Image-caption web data
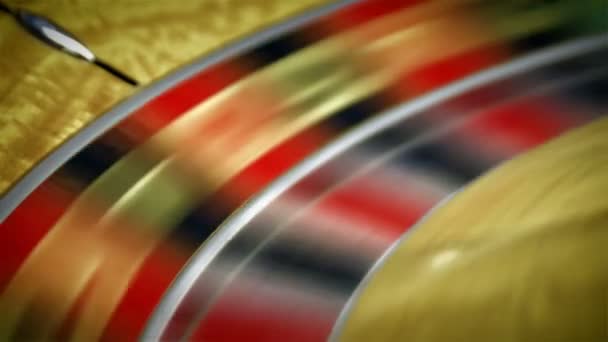 Roulette table spinning with the ball — Stock Video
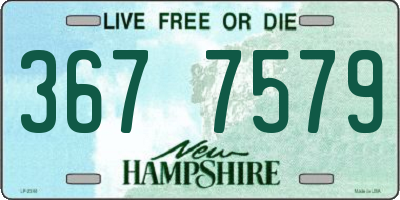 NH license plate 3677579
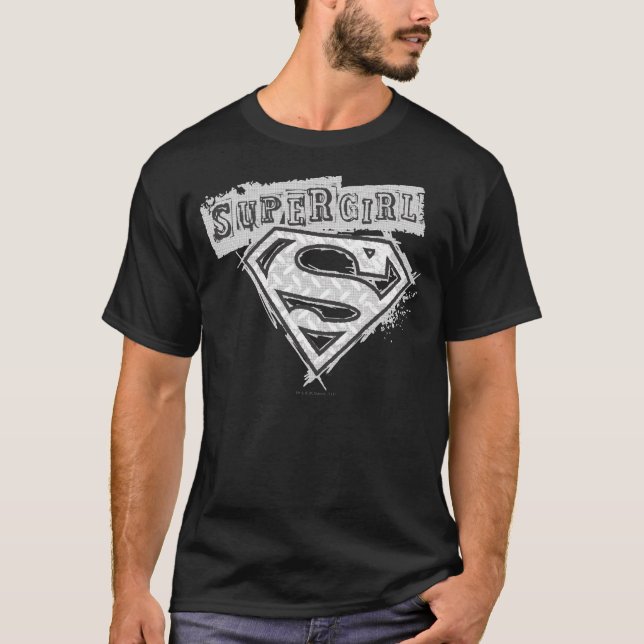 T-shirts Logotipo 1 de Supergirl (Frente)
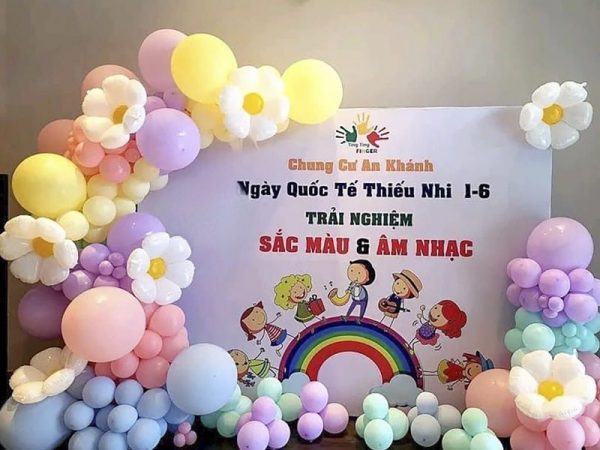 Backdrop quốc tế thiếu nhi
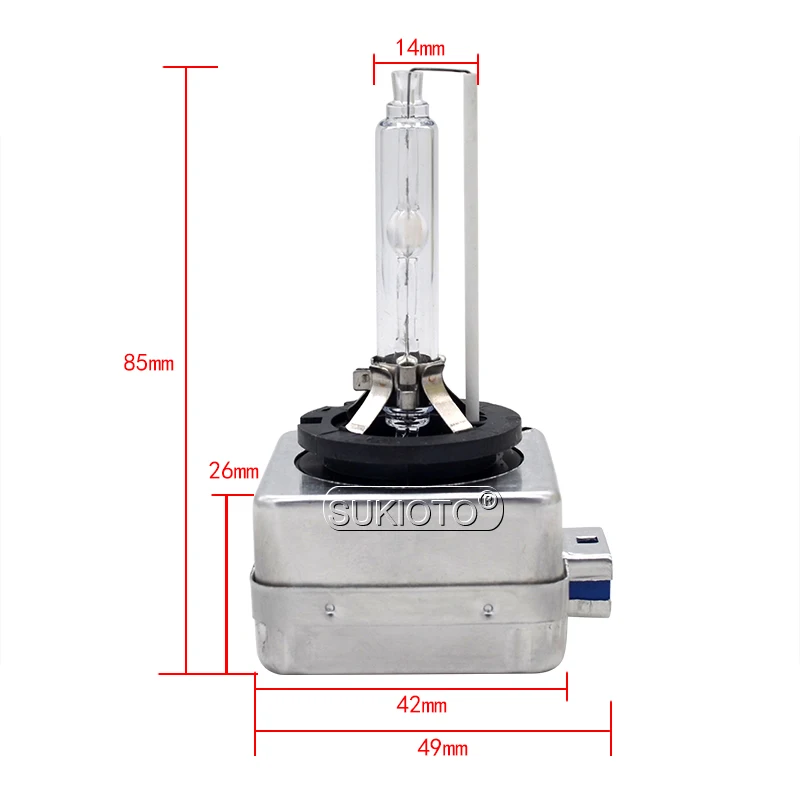 SUKIOTO фабрика 1 пара OEM 55W Xenon D8S 6000K 4300K 5000K 8000K HID головной светильник автомобильный светильник D8S HID сменная лампа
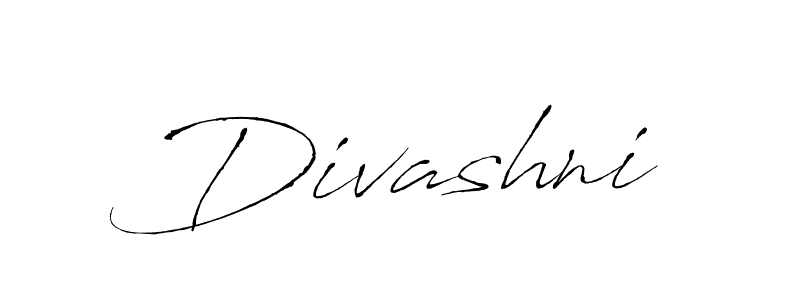 Design your own signature with our free online signature maker. With this signature software, you can create a handwritten (Antro_Vectra) signature for name Divashni. Divashni signature style 6 images and pictures png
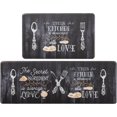 thumbnail image 1 of Anti Fatigue Comfort Kitchen Standing Desk Mat Decorative Ergonomic Floor Pad Kitchen Rug Waterproof Stain Resistance Non Slip Kitchen Set, 17.3''''x27.6''''+17.3''''x47.2'''', Love Kitchen, 1 of 6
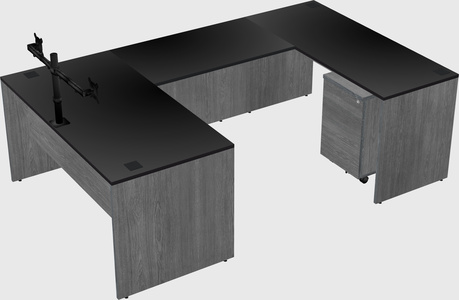 Bureau en u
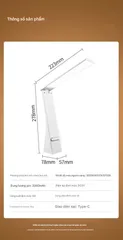 Đèn Học Chống Cận Midea Chính Hãng - Ánh Sáng LED 3 Chế Độ, Tích Hợp Giá Đỡ Điện Thoại, Tiện Lợi Cho Học Tập và Làm Việc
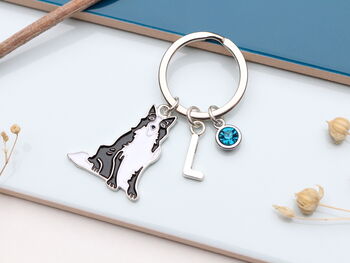 Personalised Border Collie Keyring, 2 of 11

== Problem description ==
Only the text of the entries above, transcribed exactly, should be given; leave out pictures.

== Result below ==
 Roulette table spinning with the ball — Stock Video
 NH license plate 3677579
 T-shirts Logotipo 1 de Supergirl (Frente)
 Backdrop quốc tế thiếu nhi
 SUKIOTO фабрика 1 пара OEM 55W Xenon D8S 6000K 4300K 5000K 8000K HID головной светильник автомобильный светильник D8S HID сменная лампа
 Design your own signature with our free online signature maker. With this signature software, you can create a handwritten (Antro_Vectra) signature for name Divashni. Divashni signature style 6 images and pictures png
 thumbnail image 1 of Anti Fatigue Comfort Kitchen Standing Desk Mat Decorative Ergonomic Floor Pad Kitchen Rug Waterproof Stain Resistance Non Slip Kitchen Set, 17.3''''x27.6''''+17.3''''x47.2'''', Love Kitchen, 1 of 6
 Bureau en u
 Đèn Học Chống Cận Midea Chính Hãng - Ánh Sáng LED 3 Chế Độ, Tích Hợp Giá Đỡ Điện Thoại, Tiện Lợi Cho Học Tập và Làm Việc
 Personalised Border Collie Keyring, 2 of 11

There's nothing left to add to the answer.